Here are the records. Write out exactly the lines between the one holding "Wardrobe Grey Sonoma" and the one holding "Freja Andersen |", inclusive.

(GIVEN ENTRIES begins)

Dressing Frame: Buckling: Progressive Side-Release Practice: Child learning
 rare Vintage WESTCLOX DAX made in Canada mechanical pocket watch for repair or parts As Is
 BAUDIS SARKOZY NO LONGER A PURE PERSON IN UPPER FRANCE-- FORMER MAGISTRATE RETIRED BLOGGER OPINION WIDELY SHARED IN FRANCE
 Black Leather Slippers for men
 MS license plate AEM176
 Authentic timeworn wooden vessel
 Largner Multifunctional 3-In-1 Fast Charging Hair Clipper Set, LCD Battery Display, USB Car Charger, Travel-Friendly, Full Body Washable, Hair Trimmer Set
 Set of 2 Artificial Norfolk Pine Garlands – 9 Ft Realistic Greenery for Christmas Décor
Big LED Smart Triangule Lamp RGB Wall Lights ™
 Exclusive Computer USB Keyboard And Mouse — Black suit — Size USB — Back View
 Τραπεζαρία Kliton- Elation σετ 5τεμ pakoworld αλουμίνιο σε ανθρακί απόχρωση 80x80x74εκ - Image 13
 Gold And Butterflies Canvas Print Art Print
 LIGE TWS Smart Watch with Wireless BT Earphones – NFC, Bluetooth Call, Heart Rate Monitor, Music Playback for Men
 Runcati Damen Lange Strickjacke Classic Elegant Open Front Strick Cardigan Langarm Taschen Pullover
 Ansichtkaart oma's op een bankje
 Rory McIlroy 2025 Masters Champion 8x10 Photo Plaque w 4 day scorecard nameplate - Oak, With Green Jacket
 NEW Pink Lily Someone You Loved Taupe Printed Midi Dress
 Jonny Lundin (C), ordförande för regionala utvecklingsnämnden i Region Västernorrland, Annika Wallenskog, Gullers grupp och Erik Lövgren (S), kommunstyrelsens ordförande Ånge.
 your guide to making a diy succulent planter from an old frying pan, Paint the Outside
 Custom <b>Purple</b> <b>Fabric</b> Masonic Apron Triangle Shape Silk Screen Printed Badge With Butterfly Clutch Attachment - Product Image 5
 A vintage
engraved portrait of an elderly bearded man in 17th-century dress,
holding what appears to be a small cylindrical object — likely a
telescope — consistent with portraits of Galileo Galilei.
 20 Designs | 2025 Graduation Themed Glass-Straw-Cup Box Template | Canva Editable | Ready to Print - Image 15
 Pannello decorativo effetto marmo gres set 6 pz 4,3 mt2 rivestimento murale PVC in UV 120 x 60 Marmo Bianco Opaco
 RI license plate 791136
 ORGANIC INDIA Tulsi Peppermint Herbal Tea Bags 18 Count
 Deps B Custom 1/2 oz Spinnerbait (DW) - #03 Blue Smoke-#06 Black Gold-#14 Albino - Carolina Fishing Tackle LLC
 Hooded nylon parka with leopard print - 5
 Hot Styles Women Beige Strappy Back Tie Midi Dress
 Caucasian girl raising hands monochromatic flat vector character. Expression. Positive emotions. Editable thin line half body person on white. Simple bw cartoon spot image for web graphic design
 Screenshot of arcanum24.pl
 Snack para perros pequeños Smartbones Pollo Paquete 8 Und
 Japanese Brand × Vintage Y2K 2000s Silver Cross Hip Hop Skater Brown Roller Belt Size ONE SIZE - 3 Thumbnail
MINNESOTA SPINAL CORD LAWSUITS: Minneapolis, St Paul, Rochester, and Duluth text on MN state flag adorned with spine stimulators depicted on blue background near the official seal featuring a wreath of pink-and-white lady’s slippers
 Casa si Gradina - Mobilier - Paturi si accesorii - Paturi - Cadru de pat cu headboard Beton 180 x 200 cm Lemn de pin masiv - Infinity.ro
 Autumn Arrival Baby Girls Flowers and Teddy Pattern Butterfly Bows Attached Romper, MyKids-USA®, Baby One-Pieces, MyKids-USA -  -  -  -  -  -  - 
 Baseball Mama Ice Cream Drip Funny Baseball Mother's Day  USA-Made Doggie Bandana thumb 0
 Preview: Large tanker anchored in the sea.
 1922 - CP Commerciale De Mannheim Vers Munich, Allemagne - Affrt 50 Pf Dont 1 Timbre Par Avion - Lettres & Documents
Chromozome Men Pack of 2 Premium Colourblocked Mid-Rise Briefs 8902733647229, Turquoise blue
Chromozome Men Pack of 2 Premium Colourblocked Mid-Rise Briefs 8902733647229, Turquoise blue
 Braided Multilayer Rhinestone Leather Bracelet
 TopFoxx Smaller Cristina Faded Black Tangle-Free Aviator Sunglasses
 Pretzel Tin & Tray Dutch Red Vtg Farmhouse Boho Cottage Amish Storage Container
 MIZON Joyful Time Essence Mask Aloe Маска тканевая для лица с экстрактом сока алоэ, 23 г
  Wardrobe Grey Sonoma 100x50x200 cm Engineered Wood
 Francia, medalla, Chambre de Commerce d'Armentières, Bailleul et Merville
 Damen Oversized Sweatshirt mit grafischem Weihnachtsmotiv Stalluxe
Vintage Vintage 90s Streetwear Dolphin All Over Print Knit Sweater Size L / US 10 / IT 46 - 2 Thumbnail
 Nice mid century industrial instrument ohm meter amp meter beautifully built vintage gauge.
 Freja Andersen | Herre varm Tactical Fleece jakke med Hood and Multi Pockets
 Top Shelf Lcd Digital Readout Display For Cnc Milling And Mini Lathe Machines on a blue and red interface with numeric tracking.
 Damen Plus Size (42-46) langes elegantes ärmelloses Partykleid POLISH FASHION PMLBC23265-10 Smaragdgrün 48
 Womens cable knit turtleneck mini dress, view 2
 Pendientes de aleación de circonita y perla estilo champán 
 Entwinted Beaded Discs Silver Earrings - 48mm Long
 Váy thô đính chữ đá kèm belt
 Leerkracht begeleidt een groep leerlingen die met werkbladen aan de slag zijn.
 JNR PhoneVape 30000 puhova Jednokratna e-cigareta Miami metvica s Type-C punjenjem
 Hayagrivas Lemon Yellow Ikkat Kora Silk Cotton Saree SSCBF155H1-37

(GIVEN ENTRIES ends)

ANSWER FOR THIS EXERCISE.
  Wardrobe Grey Sonoma 100x50x200 cm Engineered Wood
 Francia, medalla, Chambre de Commerce d'Armentières, Bailleul et Merville
 Damen Oversized Sweatshirt mit grafischem Weihnachtsmotiv Stalluxe
Vintage Vintage 90s Streetwear Dolphin All Over Print Knit Sweater Size L / US 10 / IT 46 - 2 Thumbnail
 Nice mid century industrial instrument ohm meter amp meter beautifully built vintage gauge.
 Freja Andersen | Herre varm Tactical Fleece jakke med Hood and Multi Pockets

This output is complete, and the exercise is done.